La violence et le sacré

René Girard

 

On ne peut pas recourir à la violence contre un individu sans s’exposer aux représailles d’autres individus, ses proches qui se font un devoir de venger leur proche.

 

 

Pourquoi la vengeance du sang, partout où elle sévit constitue-t-elle une menace insupportable ? La seule vengeance satisfaisante, devant le sang versé, consiste à verser le sang du criminel. Il n’y a pas de différence nette entre l’acte que la vengeance punit et la vengeance elle-même. La vengeance se veut représaille et toute représaille appelle de nouvelles représailles. Le crime que la vengeance punit ne se conçoit presque jamais lui-même comme premier ; il se veut déjà vengeance d’un crime plus originel.

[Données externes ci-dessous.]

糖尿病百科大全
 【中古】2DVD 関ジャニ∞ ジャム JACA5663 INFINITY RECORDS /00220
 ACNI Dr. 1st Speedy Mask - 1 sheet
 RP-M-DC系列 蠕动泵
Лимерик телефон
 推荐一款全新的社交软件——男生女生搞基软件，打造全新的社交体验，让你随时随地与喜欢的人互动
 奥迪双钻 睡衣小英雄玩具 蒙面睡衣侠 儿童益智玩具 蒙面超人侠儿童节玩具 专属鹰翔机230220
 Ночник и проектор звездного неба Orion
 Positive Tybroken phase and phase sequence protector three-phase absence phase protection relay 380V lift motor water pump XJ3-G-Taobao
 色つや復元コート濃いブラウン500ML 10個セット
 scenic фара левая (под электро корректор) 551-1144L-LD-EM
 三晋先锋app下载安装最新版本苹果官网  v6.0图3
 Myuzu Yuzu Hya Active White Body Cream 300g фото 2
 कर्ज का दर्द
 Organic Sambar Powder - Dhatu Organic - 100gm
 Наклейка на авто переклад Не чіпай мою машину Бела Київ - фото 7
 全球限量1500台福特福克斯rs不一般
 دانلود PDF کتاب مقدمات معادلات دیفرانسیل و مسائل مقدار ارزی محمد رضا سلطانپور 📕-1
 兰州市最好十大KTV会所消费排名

La vengeance constitue donc un processus infini, interminable. Chaque fois qu’elle surgit en un point quelconque d’une communauté, elle tend à s’étendre et à gagner l’ensemble du corps social. Elle risque de provoquer une véritable réaction en chaîne aux conséquences rapidement fatales dans une société de dimensions réduites ; La multiplication des représailles met en jeu l’existence même de la société. C’est pourquoi la vengeance fait partout l’objet d’un interdit très strict.

 

 

Ce n’est pas l’absence du principe de justice abstrait qui se révèle importante, mais le fait que l’action « légale » soit toujours aux mains des victimes elles-mêmes et de leurs proches. Tant qu’il n’y a pas d’organisme souverain et indépendant pour se substituer à la partie lésée et pour se réserver la vengeance, le danger d’une escalade interminable subsiste.

 

 

Le religieux vise toujours à apaiser la violence, à l’empêcher de se déchaîner. Les conduites religieuses et morales visent la non-violence de façon immédiate dans la vie quotidienne et de façon médiate, fréquemment, dans la vie rituelle, par l’intermédiaire paradoxal de la violence.

 

 

Dans les sociétés primitives, les procédés curatifs restent rudimentaires à nos yeux, nous voyons en eux de simples « tâtonnements » vers le système judiciaire car leur intérêt pragmatique est bien visible : ce n’est pas au coupable qu’on s’intéresse le plus mais aux victimes non vengées ; c’est d’elles que vient le péril le plus immédiat ; il faut donner à ces victimes une satisfaction strictement mesurée, celle qui apaisera leur désir de vengeance sans l’allumer ailleurs. Il ne s’agit pas de légiférer au sujet du bien et du mal, il ne s’agit pas de faire respecter une justice abstraite, il s’agit de préserver la sécurité du groupe en coupant court à la vengeance, de préférence par une réconciliation fondée sur une composition ou, si la réconciliation est impossible, par une rencontre armée, organisée de telle façon que la violence ne devait pas se propager aux alentours ; cette rencontre se déroulera en champ clos, sous une forme réglée, entre des adversaires bien déterminés ; elle aura lieu une fois pour toutes…

 

 

A partir du moment où il est seul à régner, le système judiciaire soustrait sa fonction aux regards. De même que le sacrifice, il dissimule – même si en même temps il révèle – ce qui fait de lui la même chose que la vengeance, une vengeance semblable à toutes les autres, différente seulement en ceci qu’elle n’aura pas de suites, qu’elle ne sera pas vengée. Dans le premier cas, c’est parce que la victime n’est pas la « bonne » qu’elle n’est pas vengée ; dans le second cas, c’est bien sur la « bonne » victime que s’abat la violence, mais elle s’abat avec une force et une autorité tellement massive qu’aucune riposte n’est possible.

 

 

Cette rationalisation de la vengeance repose sur l’indépendance souveraine de l’autorité judiciaire qui est mandatée une fois pour toutes et dont aucun groupe, pas même la collectivité unanime, en principe tout au moins, ne peut remettre en cause les décisions. Ne représentant aucun groupe particulier, elle est donc au service de tous et tous s’inclinent devant ses décisions. Seul le système judiciaire n’hésite jamais à frapper la violence en plein cœur parce qu’il possède sur la violence un monopole absolu. Grâce à ce monopole, il réussit, normalement, à étouffer la vengeance, au lieu de l’exaspérer, au lieu de l’étendre et de la multiplier, comme le ferait le même type de conduite dans une société primitive.

 

 

On ne peut pas se passer de la violence pour mettre fin à la violence. Mais c’est précisément pour cela que la violence est interminable. Chacun veut proférer le dernier mot de la violence et on va ainsi de représaille en représaille sans qu’aucune conclusion véritable intervienne jamais.